Brennan looked around and saw lines of bean bushes with long, plump beans hanging from them, and melon and pumpkin vines twisting their way down the slope amid huge patches of fruit. Fat cobs of corn hugged tall stems that reached skyward with shiny brown tassels on the tops. “The garden looks so healthy,” he said in awe, his mouth watering.
“Aye,” Sly Joe said proudly, perhaps even a little smugly. “The land is new and rich, and the water from the creek is sweet and plentiful. Few men have a better life than old Sly Joe these days – though I’ve braved some tough times to get here.” He shouldered his hoe and shook Brennan’s hand. “Come up to the cottage and share a pannikin of tea with a man. I don’t get much company except the troopers and a few mates, and a pint twice a month when I take the crop down the road to the garrison.”
He led the way through the lush garden towards the cottage. In the outside fireplace Sly Joe prodded the dark coals until they glowed red, then set a large pot of water over it to boil for tea. Brennan followed him inside when Sly Joe went for the tea leaves; he was curious to see the interior. By now he had learned that Joe had built the cottage himself, with a little help from some fellow convicts. The walls were made of iron bark slabs that had been shaped and trimmed to fit perfectly. The roof had been constructed using long strips of stringy-bark and wattle cladding welded together with clay. Push-out windows of light pine shingles let light and air into the dwelling when they were open, and kept out the rain and the cold when they were closed.

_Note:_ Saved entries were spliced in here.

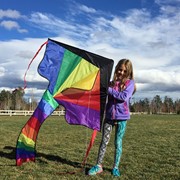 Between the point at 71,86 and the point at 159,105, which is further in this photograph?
the point at 159,105

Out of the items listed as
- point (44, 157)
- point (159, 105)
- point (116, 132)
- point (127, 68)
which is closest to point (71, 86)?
point (127, 68)

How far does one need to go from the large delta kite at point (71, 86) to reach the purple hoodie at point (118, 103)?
162 mm

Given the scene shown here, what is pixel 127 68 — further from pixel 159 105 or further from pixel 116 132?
pixel 159 105

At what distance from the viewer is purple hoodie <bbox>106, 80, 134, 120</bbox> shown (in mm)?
6074

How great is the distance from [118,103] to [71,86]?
977mm

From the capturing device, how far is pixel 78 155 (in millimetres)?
8562

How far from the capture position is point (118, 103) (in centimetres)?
623

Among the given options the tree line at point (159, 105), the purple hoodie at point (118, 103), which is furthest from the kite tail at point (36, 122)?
the tree line at point (159, 105)

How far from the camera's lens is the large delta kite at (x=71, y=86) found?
20.6 ft

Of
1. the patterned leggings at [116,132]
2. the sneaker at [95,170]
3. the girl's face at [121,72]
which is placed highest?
the girl's face at [121,72]

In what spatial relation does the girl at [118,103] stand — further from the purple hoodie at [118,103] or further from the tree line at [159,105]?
the tree line at [159,105]

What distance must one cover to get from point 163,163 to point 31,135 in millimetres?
3182

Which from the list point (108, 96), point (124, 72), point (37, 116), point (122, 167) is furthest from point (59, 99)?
point (122, 167)

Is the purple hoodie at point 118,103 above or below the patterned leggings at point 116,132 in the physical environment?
above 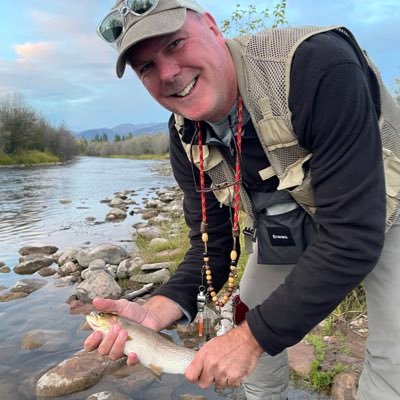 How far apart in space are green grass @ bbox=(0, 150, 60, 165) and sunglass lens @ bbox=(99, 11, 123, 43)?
5563cm

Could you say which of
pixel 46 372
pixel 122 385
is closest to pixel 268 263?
→ pixel 122 385

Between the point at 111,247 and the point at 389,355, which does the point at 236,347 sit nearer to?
the point at 389,355

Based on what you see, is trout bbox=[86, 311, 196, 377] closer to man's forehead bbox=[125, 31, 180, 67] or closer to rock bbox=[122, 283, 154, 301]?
man's forehead bbox=[125, 31, 180, 67]

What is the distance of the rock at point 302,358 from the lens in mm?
4020

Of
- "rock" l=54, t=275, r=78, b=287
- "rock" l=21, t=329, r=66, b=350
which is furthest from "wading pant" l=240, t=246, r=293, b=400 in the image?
"rock" l=54, t=275, r=78, b=287

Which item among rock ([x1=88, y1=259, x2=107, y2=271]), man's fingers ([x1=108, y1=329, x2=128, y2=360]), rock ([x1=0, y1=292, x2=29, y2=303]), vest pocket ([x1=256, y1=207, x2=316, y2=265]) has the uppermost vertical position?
vest pocket ([x1=256, y1=207, x2=316, y2=265])

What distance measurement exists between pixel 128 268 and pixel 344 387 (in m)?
4.71

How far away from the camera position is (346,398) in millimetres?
3566

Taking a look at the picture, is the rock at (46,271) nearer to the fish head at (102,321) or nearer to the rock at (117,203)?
the fish head at (102,321)

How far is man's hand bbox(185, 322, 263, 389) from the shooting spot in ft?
7.65

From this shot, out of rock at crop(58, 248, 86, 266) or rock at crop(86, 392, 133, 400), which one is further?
rock at crop(58, 248, 86, 266)

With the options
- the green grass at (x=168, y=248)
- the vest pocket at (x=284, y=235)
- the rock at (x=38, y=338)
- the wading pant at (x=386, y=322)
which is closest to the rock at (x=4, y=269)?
the green grass at (x=168, y=248)

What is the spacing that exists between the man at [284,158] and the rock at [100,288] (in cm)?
375

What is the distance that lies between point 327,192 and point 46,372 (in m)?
3.67
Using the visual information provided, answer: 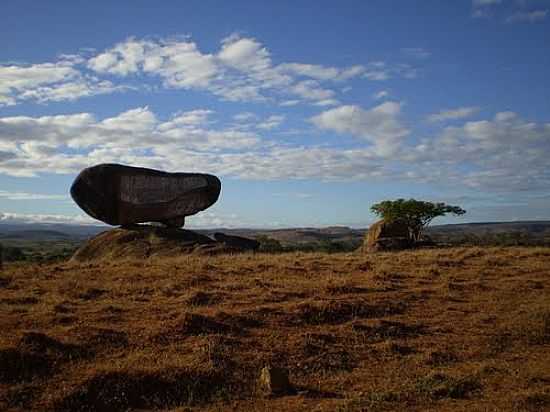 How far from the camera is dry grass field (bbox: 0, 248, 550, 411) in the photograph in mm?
8031

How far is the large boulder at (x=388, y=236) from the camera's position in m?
33.6

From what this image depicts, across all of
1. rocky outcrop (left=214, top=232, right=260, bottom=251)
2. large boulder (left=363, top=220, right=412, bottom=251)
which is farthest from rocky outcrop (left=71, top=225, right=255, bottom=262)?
large boulder (left=363, top=220, right=412, bottom=251)

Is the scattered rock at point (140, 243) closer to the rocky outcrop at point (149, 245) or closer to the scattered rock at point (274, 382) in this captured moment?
the rocky outcrop at point (149, 245)

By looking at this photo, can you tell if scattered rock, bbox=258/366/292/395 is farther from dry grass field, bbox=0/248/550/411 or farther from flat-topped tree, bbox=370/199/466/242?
flat-topped tree, bbox=370/199/466/242

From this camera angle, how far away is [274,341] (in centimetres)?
1091

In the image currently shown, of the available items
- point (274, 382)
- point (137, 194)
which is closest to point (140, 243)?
point (137, 194)

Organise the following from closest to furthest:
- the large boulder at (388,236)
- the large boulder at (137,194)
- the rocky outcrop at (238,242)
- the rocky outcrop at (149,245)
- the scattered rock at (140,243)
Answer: the rocky outcrop at (149,245) < the scattered rock at (140,243) < the large boulder at (137,194) < the rocky outcrop at (238,242) < the large boulder at (388,236)

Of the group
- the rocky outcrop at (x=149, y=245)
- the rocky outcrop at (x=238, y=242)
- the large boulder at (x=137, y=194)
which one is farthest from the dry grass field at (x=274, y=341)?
the rocky outcrop at (x=238, y=242)

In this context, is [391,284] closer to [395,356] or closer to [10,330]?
[395,356]

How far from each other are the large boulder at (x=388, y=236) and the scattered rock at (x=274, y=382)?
25473mm

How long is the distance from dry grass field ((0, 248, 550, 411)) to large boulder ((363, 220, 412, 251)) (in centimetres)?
1434

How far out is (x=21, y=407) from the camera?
748 centimetres

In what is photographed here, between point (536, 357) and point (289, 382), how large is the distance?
496 centimetres

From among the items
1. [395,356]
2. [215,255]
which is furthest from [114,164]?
[395,356] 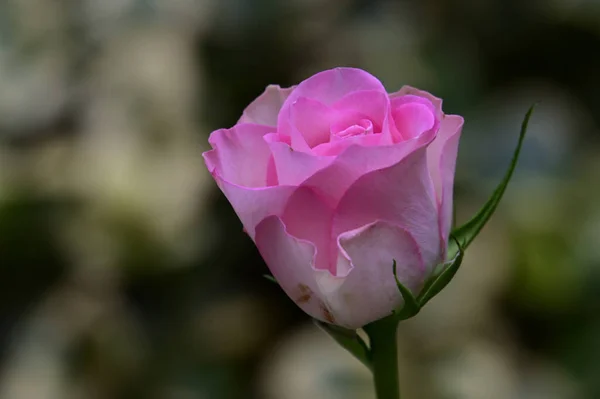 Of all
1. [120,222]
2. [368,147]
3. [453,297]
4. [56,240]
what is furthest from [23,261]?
[368,147]

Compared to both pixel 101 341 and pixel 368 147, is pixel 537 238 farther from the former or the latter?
pixel 368 147

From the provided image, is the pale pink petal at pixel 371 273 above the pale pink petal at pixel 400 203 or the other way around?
the other way around

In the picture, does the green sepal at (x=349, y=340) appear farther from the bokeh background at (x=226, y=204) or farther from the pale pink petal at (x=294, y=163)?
the bokeh background at (x=226, y=204)

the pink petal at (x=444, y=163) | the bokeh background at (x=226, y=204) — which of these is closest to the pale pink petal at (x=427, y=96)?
the pink petal at (x=444, y=163)

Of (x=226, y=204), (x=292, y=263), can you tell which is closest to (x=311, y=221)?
(x=292, y=263)

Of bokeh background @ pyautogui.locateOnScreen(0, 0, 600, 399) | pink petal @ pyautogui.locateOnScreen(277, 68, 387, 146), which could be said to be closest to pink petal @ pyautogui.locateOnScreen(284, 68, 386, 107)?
pink petal @ pyautogui.locateOnScreen(277, 68, 387, 146)

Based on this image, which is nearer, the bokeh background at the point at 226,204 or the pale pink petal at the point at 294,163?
the pale pink petal at the point at 294,163

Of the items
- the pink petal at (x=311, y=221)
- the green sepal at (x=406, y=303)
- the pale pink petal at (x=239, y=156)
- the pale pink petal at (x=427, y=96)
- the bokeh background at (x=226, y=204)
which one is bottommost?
the bokeh background at (x=226, y=204) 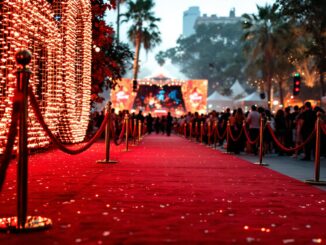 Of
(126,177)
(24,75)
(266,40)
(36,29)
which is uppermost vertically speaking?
(266,40)

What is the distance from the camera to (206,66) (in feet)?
303

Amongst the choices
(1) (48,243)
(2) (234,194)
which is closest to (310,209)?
(2) (234,194)

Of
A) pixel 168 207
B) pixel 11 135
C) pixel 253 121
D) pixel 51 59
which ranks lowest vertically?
pixel 168 207

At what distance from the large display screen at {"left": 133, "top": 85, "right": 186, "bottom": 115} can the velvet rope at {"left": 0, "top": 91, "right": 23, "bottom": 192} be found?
49.2 meters

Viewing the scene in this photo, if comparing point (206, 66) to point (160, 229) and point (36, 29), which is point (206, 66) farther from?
point (160, 229)


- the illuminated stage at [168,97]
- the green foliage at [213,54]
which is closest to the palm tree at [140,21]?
the illuminated stage at [168,97]

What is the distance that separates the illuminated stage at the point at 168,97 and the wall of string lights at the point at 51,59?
→ 3082cm

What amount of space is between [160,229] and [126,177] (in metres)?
4.64

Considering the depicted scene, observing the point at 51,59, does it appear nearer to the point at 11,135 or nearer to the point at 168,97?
the point at 11,135

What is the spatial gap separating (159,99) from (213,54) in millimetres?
41113

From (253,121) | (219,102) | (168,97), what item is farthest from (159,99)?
(253,121)

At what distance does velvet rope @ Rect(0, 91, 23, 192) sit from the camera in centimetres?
494

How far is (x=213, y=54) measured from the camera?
9438 cm

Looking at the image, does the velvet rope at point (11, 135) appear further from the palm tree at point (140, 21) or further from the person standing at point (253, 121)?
the palm tree at point (140, 21) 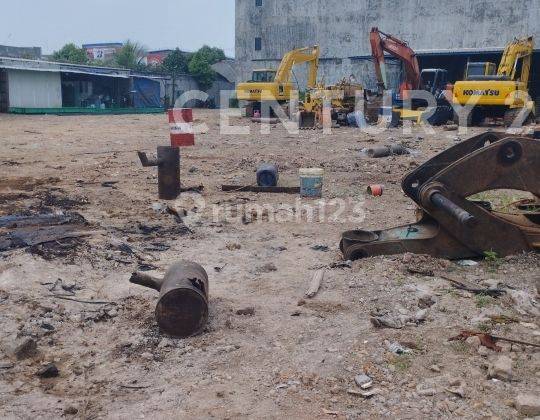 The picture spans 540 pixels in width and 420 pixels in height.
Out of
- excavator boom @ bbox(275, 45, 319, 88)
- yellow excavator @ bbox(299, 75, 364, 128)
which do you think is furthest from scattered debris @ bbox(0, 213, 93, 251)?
excavator boom @ bbox(275, 45, 319, 88)

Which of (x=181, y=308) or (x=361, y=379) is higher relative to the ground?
(x=181, y=308)

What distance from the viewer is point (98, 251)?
17.8 feet

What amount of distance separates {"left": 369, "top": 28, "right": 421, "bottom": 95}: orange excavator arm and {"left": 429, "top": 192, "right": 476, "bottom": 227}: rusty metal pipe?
18.9 m

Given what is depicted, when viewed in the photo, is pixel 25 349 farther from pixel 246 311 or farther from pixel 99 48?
pixel 99 48

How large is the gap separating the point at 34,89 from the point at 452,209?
31.0 meters

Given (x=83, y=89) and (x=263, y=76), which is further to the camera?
(x=83, y=89)

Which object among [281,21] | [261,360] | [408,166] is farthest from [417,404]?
[281,21]

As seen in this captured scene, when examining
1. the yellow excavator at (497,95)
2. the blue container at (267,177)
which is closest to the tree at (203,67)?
the yellow excavator at (497,95)

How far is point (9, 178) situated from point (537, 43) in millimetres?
28492

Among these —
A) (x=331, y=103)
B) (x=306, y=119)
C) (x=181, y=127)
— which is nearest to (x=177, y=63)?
(x=331, y=103)

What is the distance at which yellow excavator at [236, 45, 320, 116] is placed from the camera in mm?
24844

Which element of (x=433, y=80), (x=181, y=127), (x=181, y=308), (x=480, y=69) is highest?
(x=480, y=69)

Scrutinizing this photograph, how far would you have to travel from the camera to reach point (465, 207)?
15.6ft

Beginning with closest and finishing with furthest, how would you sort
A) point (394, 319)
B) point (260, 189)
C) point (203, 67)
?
point (394, 319)
point (260, 189)
point (203, 67)
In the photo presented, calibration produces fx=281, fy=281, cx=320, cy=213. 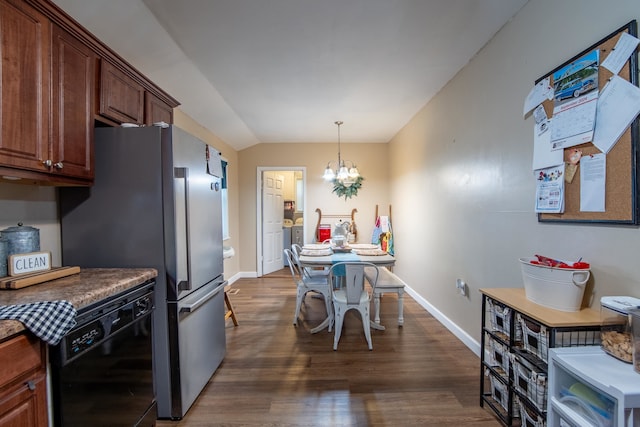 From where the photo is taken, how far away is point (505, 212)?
2008mm

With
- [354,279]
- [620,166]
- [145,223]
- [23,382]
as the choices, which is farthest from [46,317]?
[620,166]

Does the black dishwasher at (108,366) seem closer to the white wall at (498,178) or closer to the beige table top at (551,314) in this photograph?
the beige table top at (551,314)

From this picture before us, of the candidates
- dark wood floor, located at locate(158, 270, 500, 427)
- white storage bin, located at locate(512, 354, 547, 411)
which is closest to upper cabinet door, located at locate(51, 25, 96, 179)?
dark wood floor, located at locate(158, 270, 500, 427)

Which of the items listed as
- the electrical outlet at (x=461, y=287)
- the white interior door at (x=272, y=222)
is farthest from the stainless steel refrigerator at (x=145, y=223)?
the white interior door at (x=272, y=222)

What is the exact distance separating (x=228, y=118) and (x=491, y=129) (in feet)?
9.97

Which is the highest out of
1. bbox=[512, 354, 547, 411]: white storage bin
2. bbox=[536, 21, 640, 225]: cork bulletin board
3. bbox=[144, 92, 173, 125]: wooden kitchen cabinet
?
bbox=[144, 92, 173, 125]: wooden kitchen cabinet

A rough table had been built on two stout stumps in the middle of the bare earthen floor, with a long bench-seat running down one side of the little building. A cabinet with a bag for a door and a tin trunk sat against one wall, while a kangaroo-hide hammock hung across a corner.
All things considered, Brennan reckoned Joe to be pretty comfortable. They went back outside, where the boy watched the man make the tea. “Why do they call you Sly Joe instead of just Joe?” he asked finally, sipping the sweet tea as they moved over to sit on a rough bench seat under the shade of a large tree.
“Because I am a sly dog,” Joe laughed, “and I did a few sly deeds that led me to this land in the first place. Still, I have managed to keep out of harm’s way with the troopers over the years, and that’s no mean feat, let me tell ye, lad. That’s how I got this wicket here in the bush.”